We see these people swanning around the arts block in assorted knitwear and fishnets, desperately hoping that onlookers will believe that their granny knit the jumper that they in fact paid a slightly ludicrous amount for in Folkster, or that the rips in their tights are from that epic night in The Workman’s Club , not from the Urban Outfitters catalogue. For those of us raised by an Irish mammy, the word that comes to mind is “notions.”

I am a chronic poser

You may ask if I am writing this piece as a credit to myself. Am I saying that I have escaped the plague?  You are right to question, as I am beginning to sound self-righteous. The answer is “no” (although I did buy my moon-speckled Doc Martins when I was twelve, before some hipster proclaimed them cool). Mea culpa — I am guilty.

I often listen to music that is, in fact, woeful, trying to find a redeeming feature simply because I know that it’s cool. I also commit the cardinal sin of pretending to know who the hell Pink Fishes are, saying that “I love their first album”, only to be informed that they are not, in fact, a “they” at all, but a one-man synth band. Did I take a ludicrous number of photos in the Nomadic Gardens in Shoreditch when I was in London, gleefully littering the internet with evidence of me being cool (and did I take a strange sort of pleasure from being able to reiterate it just there)? Yes.

So there, I am a chronic poser. However in a world where the Glam Squad, innumerable beautifying filters, and a socially acceptable form of the erstwhile ridiculed “duck face” exist, I think I’m safe from being too much of a complete prat.
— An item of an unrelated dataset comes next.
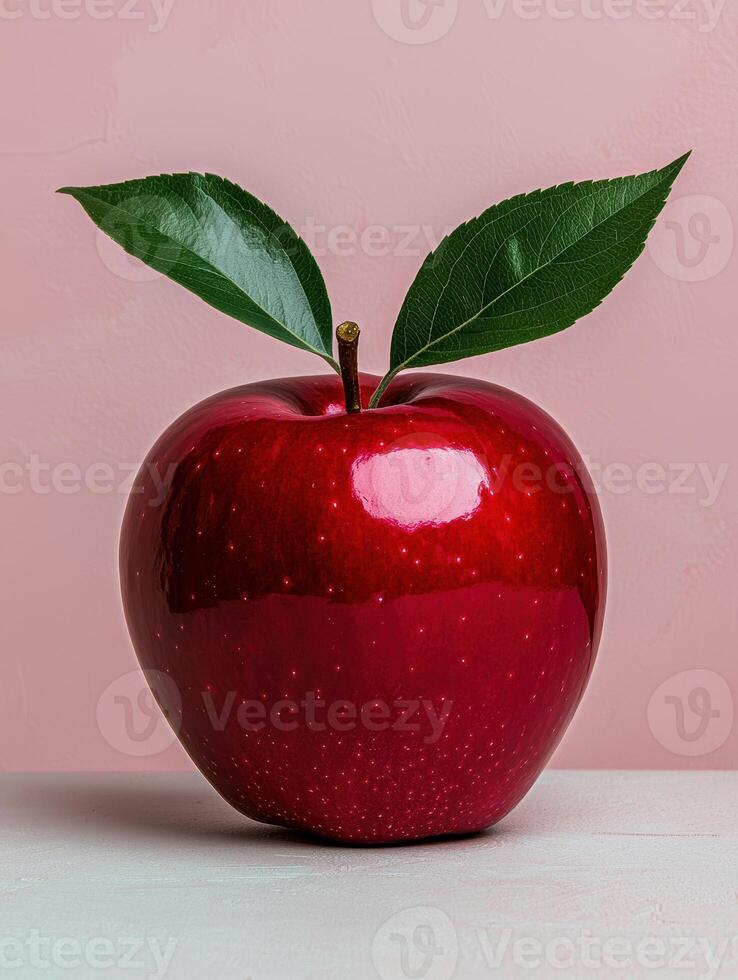 Single red apple with green leaves on pink background photo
Cue the Phil and their glitter adorned faces and ever-present Kodak cameras. Is it only me who thinks it’s a bit odd to take a polaroid photo, then take another photo of the photo with an actual camera in order to get a new propho? #getphilthy.
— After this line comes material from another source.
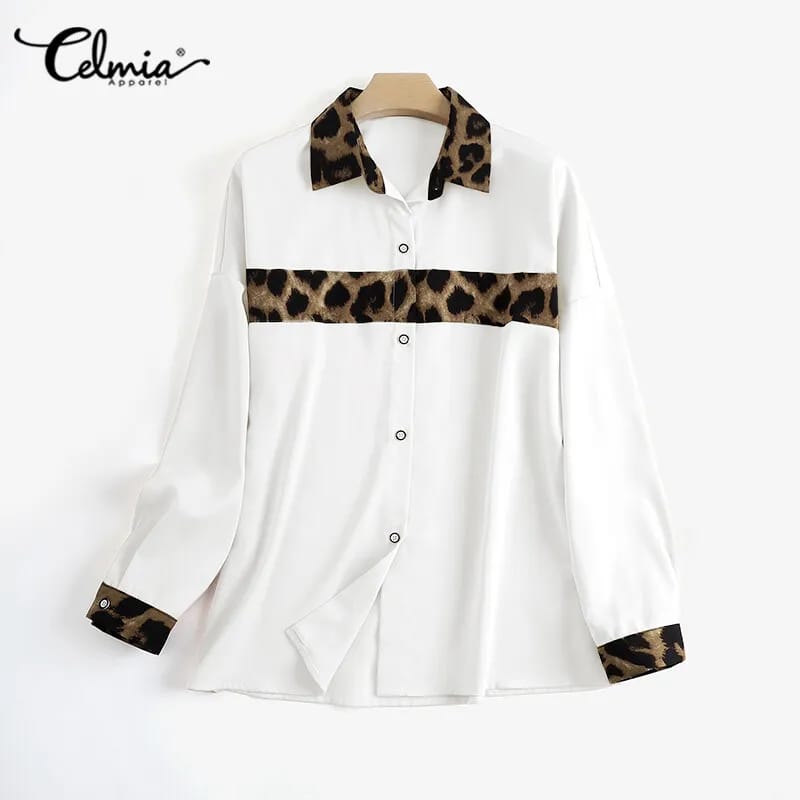 Women's Long Sleeve Leopard Print Patchwork Shirts Formal Party Button Down Top S4521632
“The Pandora-bracelet-toting brigade”

In fact, a classically stereotypical breeding ground for notions are all girls’ schools, where Roxy school bags and Gucci watches are substituted for the fact that we have a bottle green uniform. When I get to college, I naively dreamed, I will be free from notions once and for all. Surely, my youthful innocence bid me yearn, people in college will have better things to do than pose.

My erstwhile experience of the Pandora-bracelet toting brigade was merely supplanted by the painfully self-conscious and self-proclaimed “free spirit’’ wafting around the campus, asking her friends to take “candid” photos in which her hands just happen to be hovering in the air à la Kate Bush. The Facebook posts glorifying their reckless abandon in leaving essays until the night before, knowing that anyone who reads of their spontaneity will instantly wish, “Why am I not that cool?”

I truly believe that I would be an exponentially cooler person if I had delusions of grandeur large enough to barge dramatically (because cool people never enter a room at a reasonable volume) into lectures twenty minutes late carrying a coffee cup from some café with organic beans, outrageous prices, and an industrial-chic interior.

Dammit, why did I set my alarm this morning? Now no one will regard me with a hushed reverence as I’m too bloody normal (note to self: bin the A4 pad and somehow procure a quill and leather-bound notebook in order to fulfill the “starving student scribbling in a garret” image).

Trying too hard to be different

We all want to be different. It’s such a human impulse to send out vibes of desperate distinction. And yet, we all feel a need to be accepted. However it’s a sad day when the only way of exception, and the preferred way of making an impact, is to assimilate to everyone you see around you.

My favourite part of a new friend request on Facebook is to look at their profile pictures. They generally form a spectrum, with images becoming more artsy, more glittery, and more distressed-denim-jacket-clad as they go on. You can almost immediately pick out the moment the person entered Trinity, as there is a jump from a happy Debs Dress shot to a “candid” shot with a self-conscious caption ~written like this~ |or this|.

The point is, to incoming first years, please, please, PLEASE for the love of God, have some imagination. Trinity is supposedly an institution of great thinkers and independent minds, but sadly we need you to make sure that it doesn’t morph into a Grimes music video. Think of it this way: if normal is the dreaded anathema avoided by every arts student ever, then being extraordinary now requires a surgical excision of “cool”.